Foxy, just say "I remember Cranky Kong" two words that resume all your post.
I argue that, if you have a good chance of evading them once you learn where they are, traps and enemies aren't unfair. Compare it to Guitar Hero and rhythm games, where the only way to complete with a perfect score is to learn the part by heart, it's impossible to do by reflexes alone. Difficult, yes. Unfair, no.
Besides, frustration is cathartic. Wanting to hurl the controller into a wall is the hallmark of a truly cleansing experience
And more and more developers make their games online-only because it's easier than developing a single-player campaign.
If they have memory problems, they can take ginkgo biloba
Presenting a player with a challenge that cannot be overcome is not challenging, it's a "f*ck you". It's the equivalent of hitting a sleeping person in the face with a shovel and laughing "Ha ha! Idiot!" - Funny? Yes. Fair? No.
If there's no chance to plan, predict and dodge, there's no challenge. An obstacle isn't challenging unless the player is aware of it and if the only way to find out that it's there is to die, it's poorly designed. If memorizing the level is the only way to win, it's just a poorly-designed game.
Even in Guitar Hero you can see the button inputs coming your way, the game tells you what to do and whether you do it or not is a matter of your eye-hand co-ordination, not memorization. The moment you start memorizing the song is the moment when you stopped playing a video game and started being a robot.

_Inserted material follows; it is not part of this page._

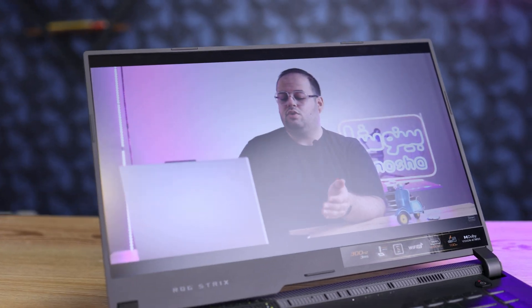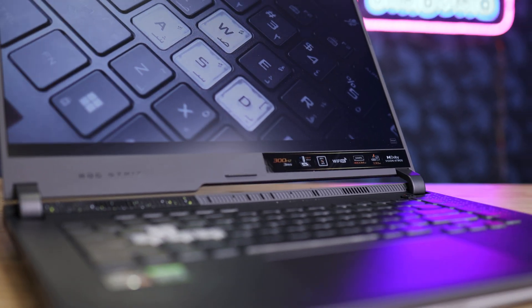The display is one of the best for gaming laptops, though if you are a creator you may prefer the 2K 165Hz option, just like me. This model has a 1080p 300Hz panel with a three-millisecond response time and around 350 nits of brightness. It covers 100% sRGB and 79% AdobeRGB, which is good enough to edit photos and videos with no problem.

As for multiplayer games being "easier to make", I'd argue that they necessitate a different kind of design, but they're not necessarily easier to make. Multiplayer games present different kinds of challenges to the developers - multiplayer maps are different than singleplayer maps, there's issues with balancing, mitigating lag and ping issues, introducing fun game modes etc. - it's just a different kind of development.
To say truth, neither of you is correct. you two are approaching the problem from the wrong angle.
A game doesn't need to play like other games, for example, normally in a game where you have a gun to shoot you just go and shoot everything in the screen and leave nobody alive, correct??
Then a revolutionary game came, Metal Gear, you can't go and blindly shoot at everything like other games, is this game unfair for that?? nope, it just plays differently than usual.
Same thing happen with the so called "unfair" games, they just play differently. you start playing the game walk a few steps and suddenly, the floor isn't there anymore, but it happened something similar to the blocks a character stepped on in the background before so you had a clue that something was wrong. or maybe you see an object too suspicious to be good, or a convenient platform so convenient that could let you get past that obstacle, but wait, you step on it and it wasn't a platform it was a sword that looked as a platform thanks to 2D vision and your character got sliced in half.
in "unfair" games you CAN find hints of danger and can let you progress a little more, but the objective of those games IS TO PREVENT YOU FROM ADVANCING and often will tackle something without a hint.
Much like Metal Gear has a focus on stealth instead of trigger happy action, unfair games have a focus on trial and error instead of well timed jumps.